Imagine if you owned a restaurant, and you found out that
about 10% of customer checks didn’t match up with orders placed through the
kitchen. You’d quickly ask tough questions: Is someone stealing money? Are customers being cheated? What’s causing
the errors? After a quick assessment you would take quick action to correct the
problem and make sure it never happens again.
Strangely, that kind of awareness of data quality doesn’t
seem to scale up to large organizations.
When data management teams contact CapTech for help, they routinely
recount challenges in funding data quality work. They ask for simple, direct
examples showing tangible business benefit from improving data quality.
Here are three of our favorites:
- A Fortune 500 financial corporation supported an
antiquated HR system. Due to the
difficulty of enhancing the existing system many manual workarounds with poor controls
had evolved, increasing data inconsistency and errors. Previous business cases to replace the HR
system had been rejected because they relied on “intangible” benefits that,
although obvious to HR staff, failed in the boardroom.
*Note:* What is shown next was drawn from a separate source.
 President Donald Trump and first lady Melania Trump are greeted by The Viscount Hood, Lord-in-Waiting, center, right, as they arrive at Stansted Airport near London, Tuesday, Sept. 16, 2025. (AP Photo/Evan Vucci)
CapTech led a requirements team that studied
HR business processes and quantified savings due to data quality improvement at
11,200 work hours per year. Elements of
the case included reduction in HR internal audit, data validation, and data
correction costs; ability to apply best business practices in recruiting,
compensation, and benefits; and reduction of cost of compliance with new regulations.
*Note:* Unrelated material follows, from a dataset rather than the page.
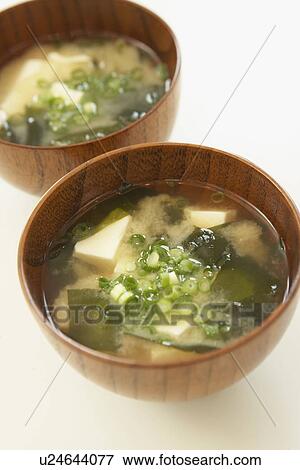 Tofu and seaweed in Miso soup, close up, white background View Large Photo Image Stock Photo - Tofu and seaweed in Miso soup, close up, white background. Fotosearch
- A state motor vehicle authority needed tangible
ROI estimates for fixing the top data quality issues to justify a data quality
project with key stakeholders. The
CapTech team conducted a study of current data quality problems and found
projected savings of about $300,000 per year.
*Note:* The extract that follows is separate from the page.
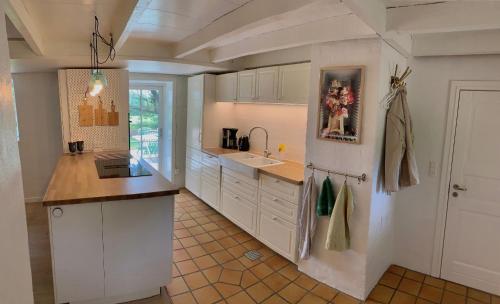 a kitchen with white cabinets and a sink at Mindedalen - Idyl tæt på alt og helt i fred in Billum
Problems found included simple keying errors but also problems with
systems, including one in which only last name was used to search offender
records after traffic stops, reducing the reliability and usefulness of the
data. We found that correcting these problems would result in substantial
intangible benefits to citizens, eliminate the need for manual correction and
re-entry of duplicate records, and reduce duplicate correspondence and other customer
service costs
- We participated in a study of data quality in
the data warehouse of a national electronics retailer, and found that rapid
data warehouse growth had contributed to a perception of poor data quality, but
with improvement of validations on incoming data reduced time spent on manual
data verification by 20%, a substantial savings. In addition the increased
confidence in the data after making the recommended improvements resulted in
more use of warehouse-based reporting versus other alternatives, and better
quality awareness that improved data warehouse development practices.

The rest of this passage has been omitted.